We speak to Reality Gaming Group about the advantages of using Initial Coin Offerings to boost your budget

There are countless ways to finance your game's development, but one of the rising new trends is the use of cryptocurrencies.

This has perhaps been best demonstrated by Reality Gaming Group, which used an Initial Coin Offering (ICO) to secure $3.5 million towards work on Reality Clash, it's mobile augmented reality multiplayer shooter - "Think Pokémon Go with guns," as the studio puts it.

It's a respectable figure, but the method by which it raised this money may be new to many developers. Put simply, the firm sourced these funds by selling virtual currency ahead of the game's launch.

Tony Pearce, Reality Gaming Group

"The in-game currency is called Reality Clash Gold coins - or RCC Gold - and during the ICO investors could buy these coins for a limited period at a big discount to the price of the coins when the game is launched next year," co-founder Tony Pearce explains.

"As an added incentive, ICO investors could also buy exclusive weapons, which will not be available from the Reality Clash store when the game goes live. These weapons can also be traded on the blockchain - you become a virtual arms dealer and can make money."

The entire venture revolves around the rise of cryptocurrencies, which Pearce describes as "a math-based, decentralised convertible virtual currency that is protected by cryptography."

He adds: "In simple terms it's a form of digital money that's designed to be secure and, in many cases, anonymous."

"Investors in an ICO are basically speculating that the coin they are buying will be worth more in future"

Pearce offers a quick guide to what cryptocurrency really is. The fact that it is decentralised means that, unlike real-world currencies such as the pound, there is no central issuing authority. While they begins life as a virtual currency, not unlike those found in video games, cryptocurrencies can be also directly converted into real-world money - hence the increasing value people and businesses are placing on them.

As an example, Pearce tells us that one Bitcoin can be traded for upwards of $5,500. Bitcoin is, of course, the most famous cryptocurrency having been the first to emerge way back in 2009. Since then the concept has seen new currencies proliferate, to the point where there are more than 900 available on the internet today.

So how do you use them to fund your development? In Reality Gaming Group's case, the team utilised an Initial Coin Offering, where they offer virtual coins - in this case RCC Gold - instead of shares, as they would in an IPO.

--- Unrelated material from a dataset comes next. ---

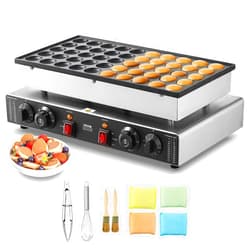 VEVOR Mini Dutch Pancake Maker, 50PCS 43mm Diameter Dorayaki Baker Machine, 1700W Commercial Electric Poffertjes Grill, Non-stick Stainless Steel, Dual Temp & Time Control, for Home Kitchen Restaurant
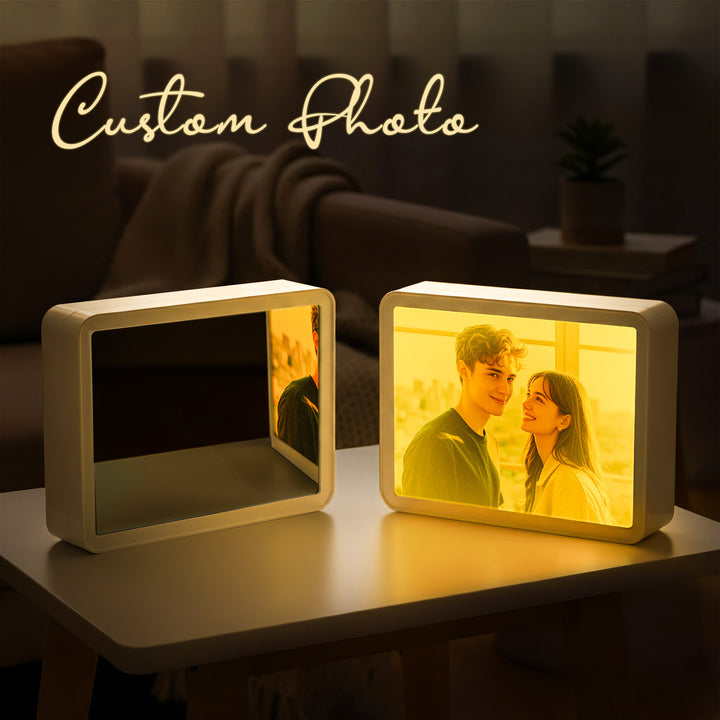 Custom Photo Bluetooth Speaker Music Mirror Lamp – Personalized Christmas Gift with Light & Sound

"Investors in an ICO are basically speculating that the coin they are buying will be worth more in future," Pearce says. "In a sense, much like how shares could be worth more over time should a public company successfully grow its business, revenues and profits.

"Initial coin offerings have raised more than $2 billion in 2017 so far. More than 250 ICOs have taken place since January 2016, with total ICO deals and funding increasing at a faster rate than traditional equity deals and dollars."

The visual representation of RCC Gold, Reality Gaming Group's unique cryptocurrency

Following the success of Reality Clash's ICO, Pearce describes the process "like an 'A round' on steroids" and is keen to see more games developers explore the possibilities.

"If you're looking for early investment an ICO can really kick start your company," he says. "However, investors will only invest in your ICO if they believe your coin will raise in value in the future.

"An ICO can really kick start your company but investors will only invest if they believe your coin will raise in value in the future"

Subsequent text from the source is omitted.